__Activity__
The expected answer is the set of lines in the data below between the line holding "коробка передач 2.0" and the line holding "Canguro Rip Curl Hibiscus Heat Hawaii Z/T Niño - Blanco Canguro", inclusive, written out exactly.

__Supplied records__

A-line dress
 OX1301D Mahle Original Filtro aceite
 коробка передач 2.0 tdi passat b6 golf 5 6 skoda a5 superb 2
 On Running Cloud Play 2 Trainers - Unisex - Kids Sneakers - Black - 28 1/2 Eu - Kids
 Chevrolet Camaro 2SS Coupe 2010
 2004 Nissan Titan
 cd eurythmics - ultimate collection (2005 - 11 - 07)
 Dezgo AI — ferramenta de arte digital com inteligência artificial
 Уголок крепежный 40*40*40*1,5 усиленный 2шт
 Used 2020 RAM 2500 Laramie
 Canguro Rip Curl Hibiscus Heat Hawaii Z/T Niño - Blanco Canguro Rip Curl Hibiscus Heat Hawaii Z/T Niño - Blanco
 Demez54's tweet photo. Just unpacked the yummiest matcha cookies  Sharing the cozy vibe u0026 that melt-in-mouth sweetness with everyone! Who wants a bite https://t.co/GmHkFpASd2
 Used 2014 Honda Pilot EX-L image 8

__Output__
 коробка передач 2.0 tdi passat b6 golf 5 6 skoda a5 superb 2
 On Running Cloud Play 2 Trainers - Unisex - Kids Sneakers - Black - 28 1/2 Eu - Kids
 Chevrolet Camaro 2SS Coupe 2010
 2004 Nissan Titan
 cd eurythmics - ultimate collection (2005 - 11 - 07)
 Dezgo AI — ferramenta de arte digital com inteligência artificial
 Уголок крепежный 40*40*40*1,5 усиленный 2шт
 Used 2020 RAM 2500 Laramie
 Canguro Rip Curl Hibiscus Heat Hawaii Z/T Niño - Blanco Canguro Rip Curl Hibiscus Heat Hawaii Z/T Niño - Blanco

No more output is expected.